Reviewing the draft report
The following may feel obvious but working in the fast-paced environment that most legal representatives find themselves in, sometimes the basics can slip.
On receipt of the draft report, it is helpful to do an initial review before going through it with the client. This can help to identify any glaring omissions or issues of concern as well as any areas where you are concerned the report writer might have gone outside of their remit. It can often be useful to do a comparison of the history alongside the core documents in the case to ensure there are no inconsistencies.
It is vital that the report is read through with the client and that you seek their instructions and comments, do not assume that the report writer will have done this. They usually do not. It would rarely, if ever, be appropriate to send the report to the client and ask them to comment as this can amplify their anxieties and there is an increased risk of retraumatisation.
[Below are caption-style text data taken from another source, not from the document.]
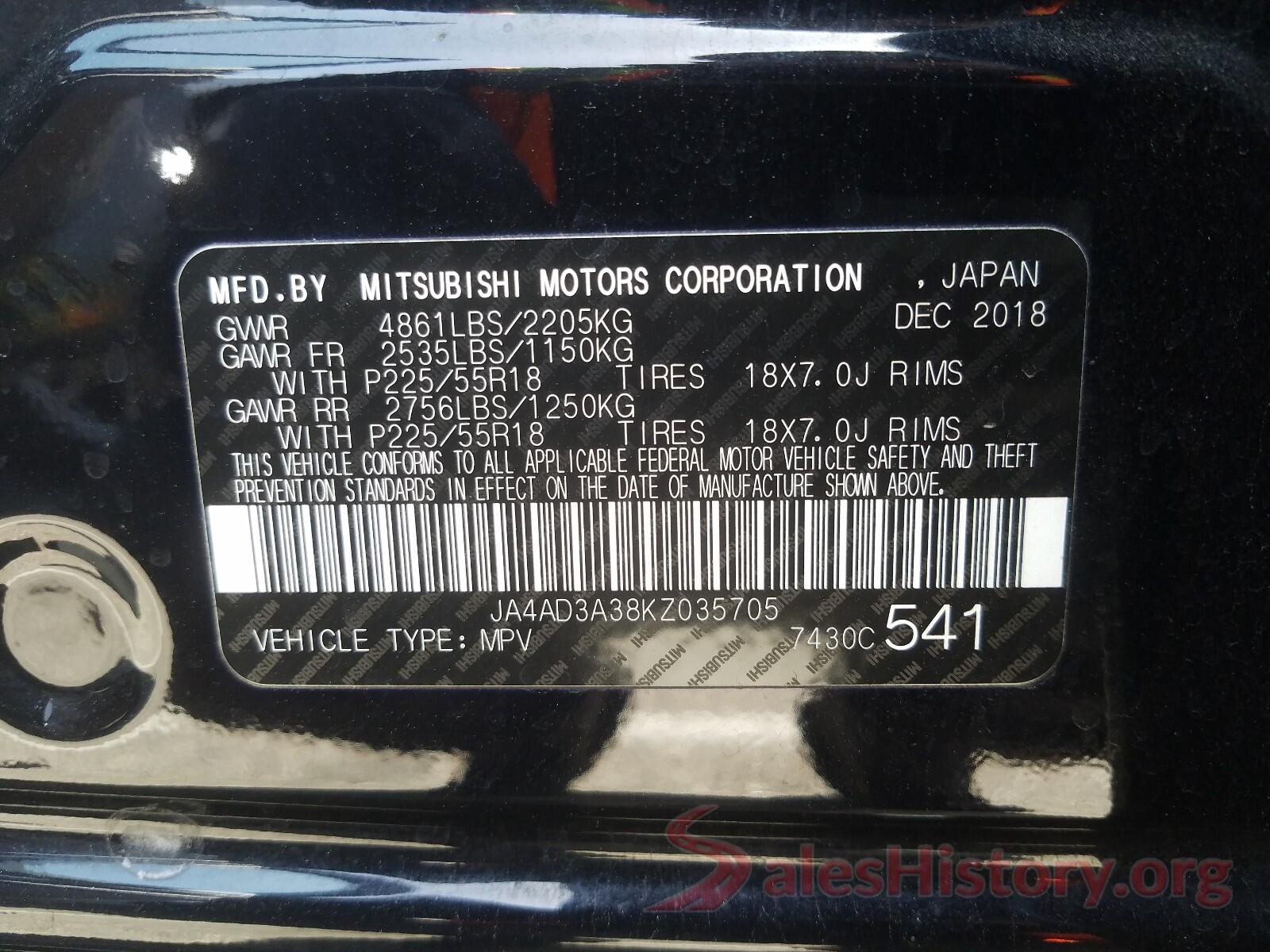 JA4AD3A38KZ035705 2019 MITSUBISHI OUTLANDER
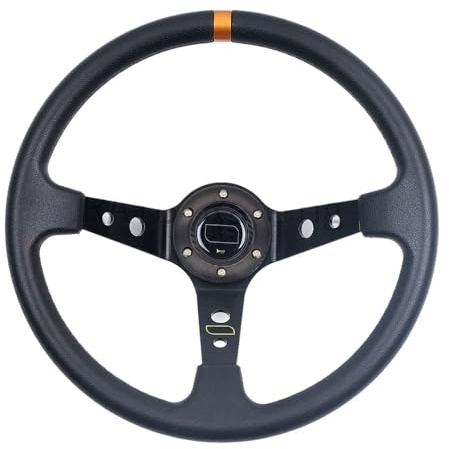 Sportlenkrad Universal 350mm 14 Zoll Wildleder Auto Racing Lenkräder Driften Sport Lenkrad(PU-black-Gold)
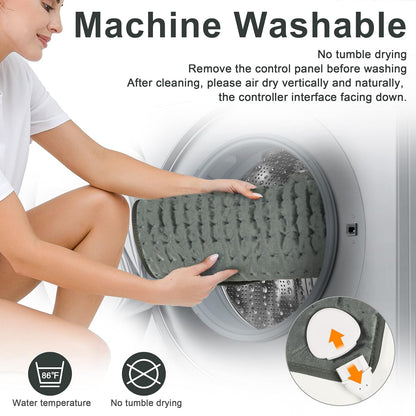 Heating Pad Electric Heat Pad, Hot Heated Pad,Multiple Temp and Timer Settings,Suitable for Shoulders, Neck, arms, Abdomen, Back, Legs, etc. (Silver Gray, 24"X12")
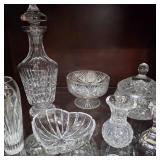 Crystal Lot w/ Decanter, Covered Dish, & Vase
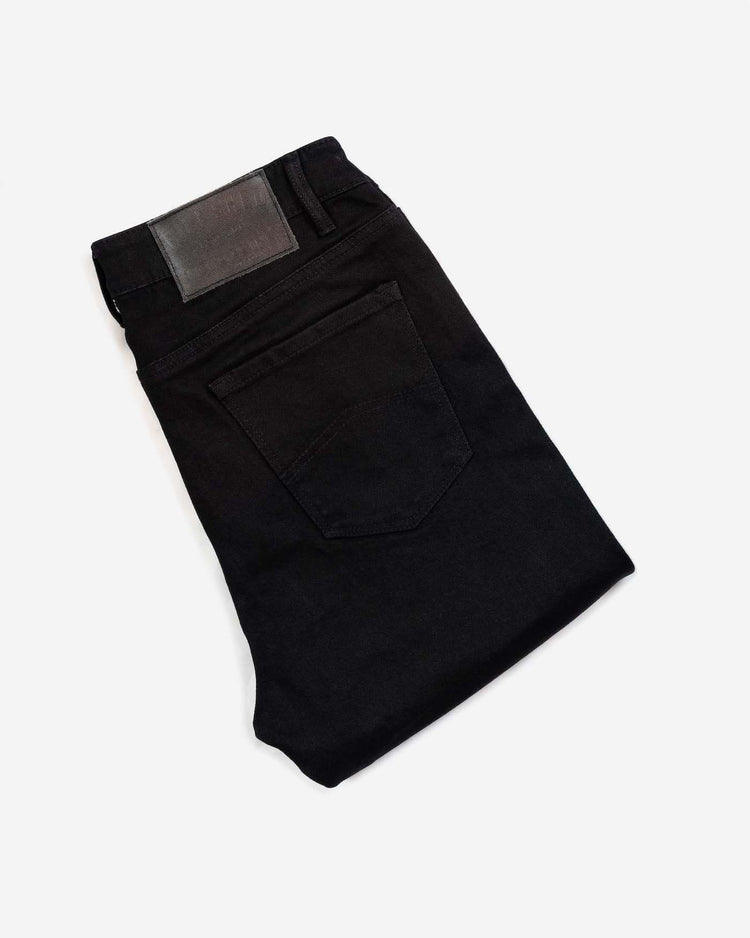 BSMC Resistant Women's Skinny Jean - Black, folded showing rear pocket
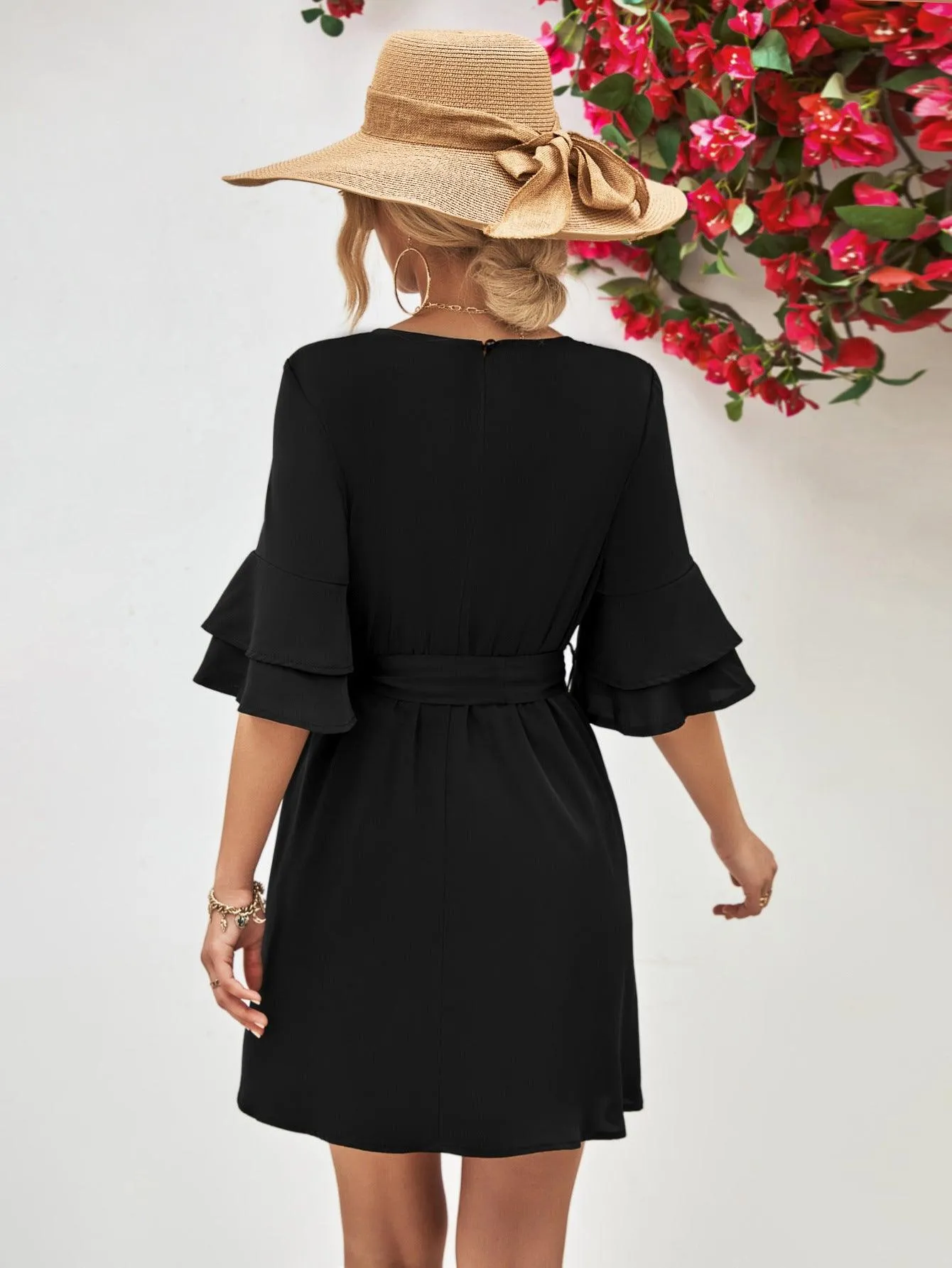 Hazel Blues® |  Round Neck Tie Belt Flounce Sleeve Dress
It is always advisable to do this in person where possible and should be done in a sensitive and trauma-informed manner. Allow plenty of time for this appointment and as with the assessment it may be sensible to arrange a check in afterwards,
Once you have clear instructions these should be sent to the report writer (or organisation where relevant) in a timely manner, so that the report is fresh in their mind. This may lead to a follow up assessment being required to address the comments.
It is important to be aware that the report writer will not always accept every suggestion and may have good reason for this. You are of course looking out for your clients’ best interests but the report writer also has to consider their own reputation so this should be a collaborative process and may take several iterations before a final version is agreed. Ultimately an independent report is going to be a stronger report.
Conclusion
In an increasingly hostile environment medico-legal evidence is likely to be more in demand than ever. Medico-legal evidence can often make a material difference in a case, so it is vital that carefully thought-through instructions are provided and all the necessary follow up is done to ensure it is as effective as possible and stands up to scrutiny.